(Problem statement) Please transcribe the entries below exactly and leave out every picture.

═══ Data shown

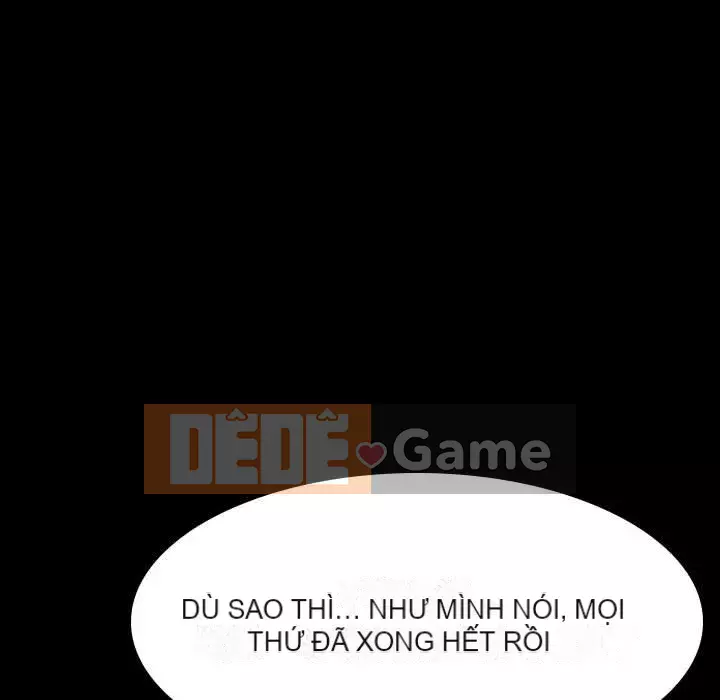 Hợp đồng bí mật Chương 55-56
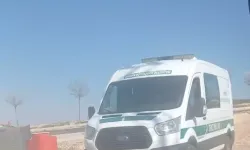Mardin’de 13 Yıllık Kan Davasında Cenazenin Defin Edilmesine Müsaade Verilmedi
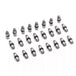 24x Hydraulic Lifters Rocker Arms Set For BMW 335i E90 F30 F80 N54 N55 S55 3.0-BeeSpareParts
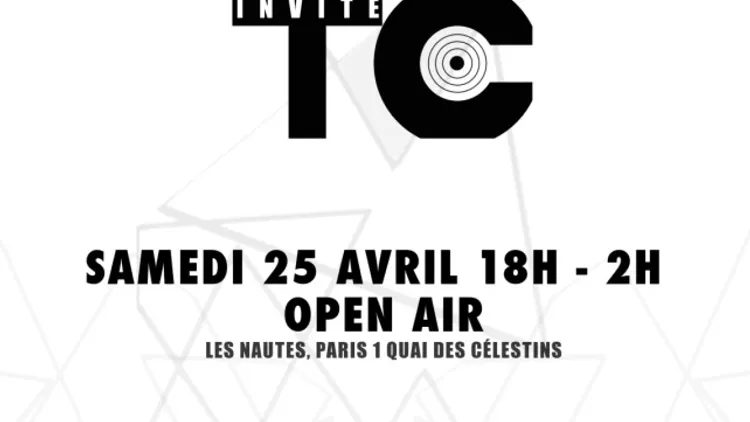 MXTC Spring Edition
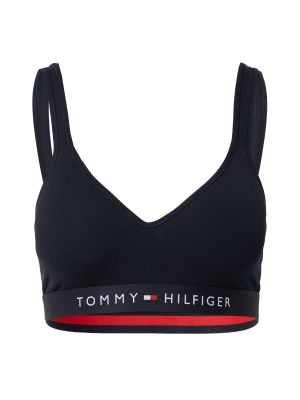 Sutien bralette Tommy Hilfiger Underwear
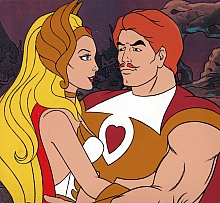 Shera_cels_012.jpg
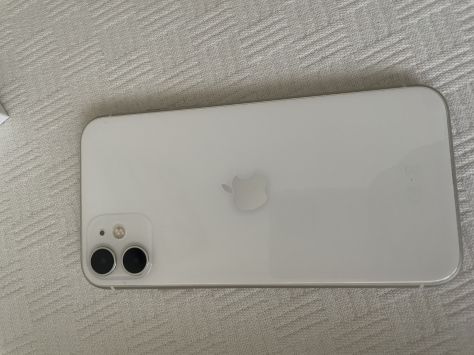 vender-iphone-iphone-11-apple-segunda-mano-20260326093750-1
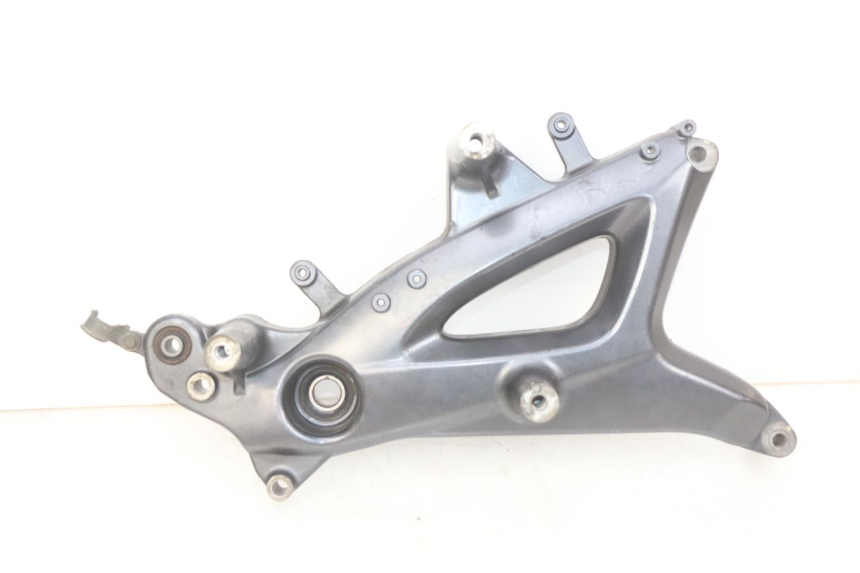 photo de UCHWYT TŁUMIKA KYMCO DOWNTOWN ABS 125 (2015 - 2017) - Widok główny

══════

(Output for this exercise)
 Hợp đồng bí mật Chương 55-56
Mardin’de 13 Yıllık Kan Davasında Cenazenin Defin Edilmesine Müsaade Verilmedi
 24x Hydraulic Lifters Rocker Arms Set For BMW 335i E90 F30 F80 N54 N55 S55 3.0-BeeSpareParts
 MXTC Spring Edition
 Sutien bralette Tommy Hilfiger Underwear
 Shera_cels_012.jpg
 vender-iphone-iphone-11-apple-segunda-mano-20260326093750-1
 photo de UCHWYT TŁUMIKA KYMCO DOWNTOWN ABS 125 (2015 - 2017) - Widok główny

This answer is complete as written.